Marsh marigolds, the tips of Irises and bog Arums easily fall prey to frosts. Although well-established plants recover when they 'come again', freshly established plants standing alone and vulnerable without the resources and protection afforded by a group planting, easily fall prey to extremes of weather or temperature. Combine this with the fact that many marginal plants that are sold for retail in garden centres are 'brought on' in greenhouses and poly-tunnels to take advantage of the early season sales, it is then no surprise that newly planted water gardens just get mown flat by the late spring frosts. The lesson learnt here would be to buy when conditions are suitable for the plant to be outside, or to harden off newly purchased plants when you get them home by giving them frost protection during the night for the first three or four days.
4) Any fertiliser that is available to a newly planted water plant will only be used if the above conditions are right. Slow-release fertiliser in the planting basket just becomes a pollutant.

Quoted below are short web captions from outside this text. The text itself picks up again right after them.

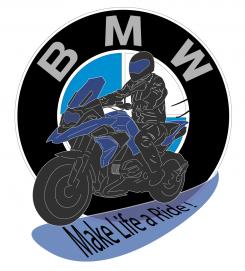Logo  # 1046614 für Motorrad Fanclub sucht ein geniales Logo Wettbewerb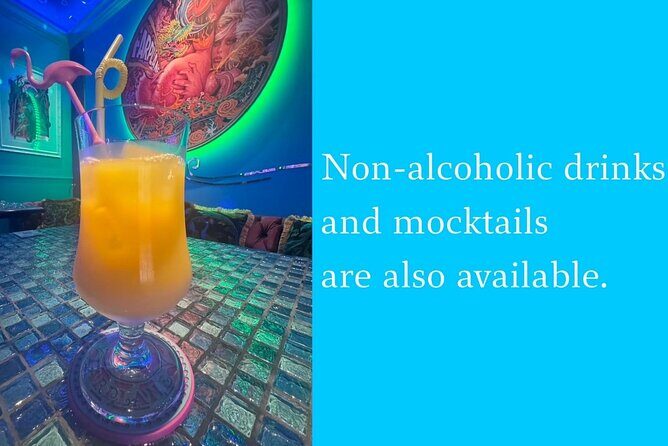 Osaka Farplane Parco Bar Admission Ticket with drink for foreign - Who Will Love This Experience?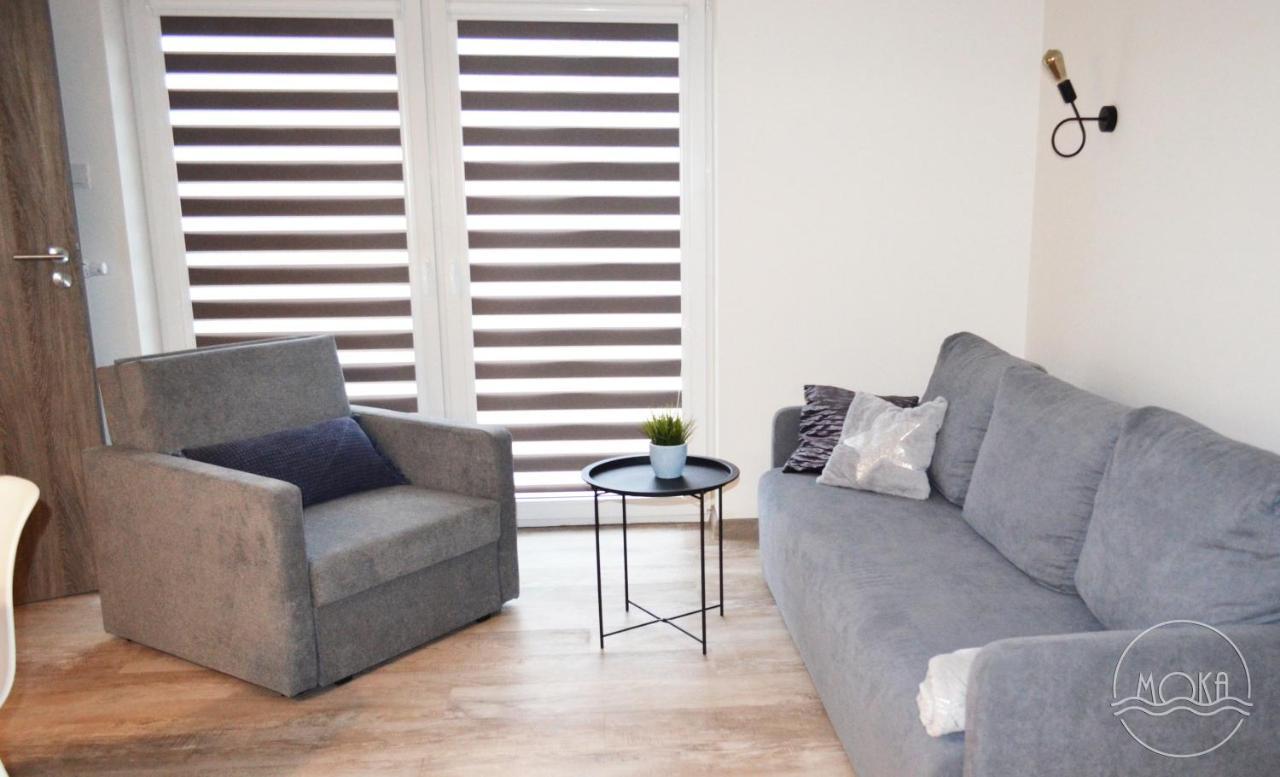 Moka Apartamenty Sianozety Ngoại thất bức ảnh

When newly planting or replanting a pond only use fertilizer specifically for aquatic plants and only use it in beginning or at the height of the growing season.
On the other hand, even if the above conditions are right, growth cannot be expected unless there is some nutrition available. There should not be a lot in the fresh water, and naturally occurring nitrates will only be available to plants once there is a fully established cycle of life in the pond. The bucket of water from an established healthy pond trick, 'Pond Starter' chemicals and the introduction of fish, all help to get things going.
5) Big, bored fish, especially carp - if they are introduced into the pool too early, can be a menace grubbing around in lily baskets until the tubers float to the surface.